TASK ITEM: For the data below, give again exactly the lines from the one containing "3 Лопать люверса" through the one containing "Высокопроизводительная машина скорой", both ends included, and no others.

PROVIDED ENTRIES:
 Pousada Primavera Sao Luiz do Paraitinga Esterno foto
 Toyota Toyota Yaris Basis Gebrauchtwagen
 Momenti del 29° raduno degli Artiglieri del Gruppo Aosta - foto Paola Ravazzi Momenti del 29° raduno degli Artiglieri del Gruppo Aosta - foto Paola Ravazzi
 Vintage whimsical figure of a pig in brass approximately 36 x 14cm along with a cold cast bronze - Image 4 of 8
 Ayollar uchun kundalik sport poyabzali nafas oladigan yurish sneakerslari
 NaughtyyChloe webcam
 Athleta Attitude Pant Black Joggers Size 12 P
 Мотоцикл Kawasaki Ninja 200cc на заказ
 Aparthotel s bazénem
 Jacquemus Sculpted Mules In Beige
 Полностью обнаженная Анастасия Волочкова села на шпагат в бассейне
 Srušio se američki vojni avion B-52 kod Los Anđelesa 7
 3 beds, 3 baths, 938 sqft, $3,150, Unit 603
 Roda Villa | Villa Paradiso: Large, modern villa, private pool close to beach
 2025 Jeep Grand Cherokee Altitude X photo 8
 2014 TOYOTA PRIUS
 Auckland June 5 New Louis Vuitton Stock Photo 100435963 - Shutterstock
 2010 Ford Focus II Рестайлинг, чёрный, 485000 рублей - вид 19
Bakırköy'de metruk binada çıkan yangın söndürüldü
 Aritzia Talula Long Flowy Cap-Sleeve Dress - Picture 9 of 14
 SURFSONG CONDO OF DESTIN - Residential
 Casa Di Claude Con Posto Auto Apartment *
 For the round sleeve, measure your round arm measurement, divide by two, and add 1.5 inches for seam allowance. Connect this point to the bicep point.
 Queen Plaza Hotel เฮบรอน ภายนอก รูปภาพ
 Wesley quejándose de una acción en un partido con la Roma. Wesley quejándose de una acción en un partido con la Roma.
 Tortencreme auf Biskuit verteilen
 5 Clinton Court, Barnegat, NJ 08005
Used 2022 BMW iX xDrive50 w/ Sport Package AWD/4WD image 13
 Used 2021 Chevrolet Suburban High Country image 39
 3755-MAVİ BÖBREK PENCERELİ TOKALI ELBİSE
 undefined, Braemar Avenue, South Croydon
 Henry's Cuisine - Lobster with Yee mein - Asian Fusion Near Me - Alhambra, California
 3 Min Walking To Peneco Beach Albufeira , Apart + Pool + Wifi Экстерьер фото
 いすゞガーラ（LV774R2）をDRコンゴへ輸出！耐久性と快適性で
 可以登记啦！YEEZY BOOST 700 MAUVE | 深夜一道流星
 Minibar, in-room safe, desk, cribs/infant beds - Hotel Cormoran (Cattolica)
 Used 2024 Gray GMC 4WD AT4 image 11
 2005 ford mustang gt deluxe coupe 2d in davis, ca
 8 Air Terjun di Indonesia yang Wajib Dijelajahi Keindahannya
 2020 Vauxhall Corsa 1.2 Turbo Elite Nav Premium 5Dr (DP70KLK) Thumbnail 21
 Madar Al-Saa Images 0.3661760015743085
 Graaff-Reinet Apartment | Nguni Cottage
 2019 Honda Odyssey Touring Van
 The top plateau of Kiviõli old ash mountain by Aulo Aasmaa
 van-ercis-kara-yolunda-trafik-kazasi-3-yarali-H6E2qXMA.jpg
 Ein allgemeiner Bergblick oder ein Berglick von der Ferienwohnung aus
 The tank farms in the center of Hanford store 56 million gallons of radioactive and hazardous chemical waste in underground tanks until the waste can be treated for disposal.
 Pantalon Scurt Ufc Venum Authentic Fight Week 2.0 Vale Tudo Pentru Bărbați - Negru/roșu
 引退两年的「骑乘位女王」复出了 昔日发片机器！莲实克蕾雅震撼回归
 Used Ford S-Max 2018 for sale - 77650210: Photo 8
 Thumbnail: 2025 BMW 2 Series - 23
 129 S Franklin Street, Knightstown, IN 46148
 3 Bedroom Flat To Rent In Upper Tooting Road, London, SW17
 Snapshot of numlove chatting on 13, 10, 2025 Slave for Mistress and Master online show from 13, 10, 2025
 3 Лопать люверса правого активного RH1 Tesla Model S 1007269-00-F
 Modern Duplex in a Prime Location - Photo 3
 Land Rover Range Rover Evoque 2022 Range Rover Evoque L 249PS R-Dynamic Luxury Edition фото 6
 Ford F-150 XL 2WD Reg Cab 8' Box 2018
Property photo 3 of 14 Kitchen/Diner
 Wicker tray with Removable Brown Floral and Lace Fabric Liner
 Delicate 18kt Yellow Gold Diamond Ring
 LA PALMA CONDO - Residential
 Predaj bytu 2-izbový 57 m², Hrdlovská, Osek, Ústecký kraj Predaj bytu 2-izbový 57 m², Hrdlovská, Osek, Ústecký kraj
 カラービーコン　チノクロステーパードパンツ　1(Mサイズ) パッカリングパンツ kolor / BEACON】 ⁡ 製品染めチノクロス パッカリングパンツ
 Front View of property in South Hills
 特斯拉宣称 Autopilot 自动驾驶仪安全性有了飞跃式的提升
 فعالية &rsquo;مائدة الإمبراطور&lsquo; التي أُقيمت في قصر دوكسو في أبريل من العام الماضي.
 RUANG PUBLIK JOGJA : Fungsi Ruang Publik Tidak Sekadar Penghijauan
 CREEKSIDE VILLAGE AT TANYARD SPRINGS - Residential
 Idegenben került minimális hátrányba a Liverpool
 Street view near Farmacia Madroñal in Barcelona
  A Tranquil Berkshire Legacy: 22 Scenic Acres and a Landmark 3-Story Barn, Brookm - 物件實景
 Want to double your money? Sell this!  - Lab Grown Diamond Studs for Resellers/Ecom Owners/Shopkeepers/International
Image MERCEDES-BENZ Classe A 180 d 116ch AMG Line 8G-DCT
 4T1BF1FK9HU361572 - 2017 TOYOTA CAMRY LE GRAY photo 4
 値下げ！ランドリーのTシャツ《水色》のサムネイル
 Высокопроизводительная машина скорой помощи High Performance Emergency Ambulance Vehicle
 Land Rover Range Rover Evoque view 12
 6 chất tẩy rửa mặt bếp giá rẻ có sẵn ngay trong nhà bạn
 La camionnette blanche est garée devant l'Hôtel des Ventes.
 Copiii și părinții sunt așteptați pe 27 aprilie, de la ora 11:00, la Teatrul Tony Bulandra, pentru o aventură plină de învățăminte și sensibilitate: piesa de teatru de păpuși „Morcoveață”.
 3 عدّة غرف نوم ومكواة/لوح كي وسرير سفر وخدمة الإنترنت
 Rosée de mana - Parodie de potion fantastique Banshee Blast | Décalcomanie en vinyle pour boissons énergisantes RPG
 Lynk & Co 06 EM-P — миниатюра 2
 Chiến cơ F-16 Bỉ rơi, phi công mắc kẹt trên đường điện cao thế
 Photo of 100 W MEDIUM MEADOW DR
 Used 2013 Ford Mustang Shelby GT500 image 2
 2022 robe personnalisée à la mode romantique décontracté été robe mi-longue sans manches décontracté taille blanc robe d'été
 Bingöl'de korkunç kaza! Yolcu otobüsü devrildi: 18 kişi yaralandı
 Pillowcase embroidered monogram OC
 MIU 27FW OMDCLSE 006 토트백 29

ANSWER BOX:
 3 Лопать люверса правого активного RH1 Tesla Model S 1007269-00-F
 Modern Duplex in a Prime Location - Photo 3
 Land Rover Range Rover Evoque 2022 Range Rover Evoque L 249PS R-Dynamic Luxury Edition фото 6
 Ford F-150 XL 2WD Reg Cab 8' Box 2018
Property photo 3 of 14 Kitchen/Diner
 Wicker tray with Removable Brown Floral and Lace Fabric Liner
 Delicate 18kt Yellow Gold Diamond Ring
 LA PALMA CONDO - Residential
 Predaj bytu 2-izbový 57 m², Hrdlovská, Osek, Ústecký kraj Predaj bytu 2-izbový 57 m², Hrdlovská, Osek, Ústecký kraj
 カラービーコン　チノクロステーパードパンツ　1(Mサイズ) パッカリングパンツ kolor / BEACON】 ⁡ 製品染めチノクロス パッカリングパンツ
 Front View of property in South Hills
 特斯拉宣称 Autopilot 自动驾驶仪安全性有了飞跃式的提升
 فعالية &rsquo;مائدة الإمبراطور&lsquo; التي أُقيمت في قصر دوكسو في أبريل من العام الماضي.
 RUANG PUBLIK JOGJA : Fungsi Ruang Publik Tidak Sekadar Penghijauan
 CREEKSIDE VILLAGE AT TANYARD SPRINGS - Residential
 Idegenben került minimális hátrányba a Liverpool
 Street view near Farmacia Madroñal in Barcelona
  A Tranquil Berkshire Legacy: 22 Scenic Acres and a Landmark 3-Story Barn, Brookm - 物件實景
 Want to double your money? Sell this!  - Lab Grown Diamond Studs for Resellers/Ecom Owners/Shopkeepers/International
Image MERCEDES-BENZ Classe A 180 d 116ch AMG Line 8G-DCT
 4T1BF1FK9HU361572 - 2017 TOYOTA CAMRY LE GRAY photo 4
 値下げ！ランドリーのTシャツ《水色》のサムネイル
 Высокопроизводительная машина скорой помощи High Performance Emergency Ambulance Vehicle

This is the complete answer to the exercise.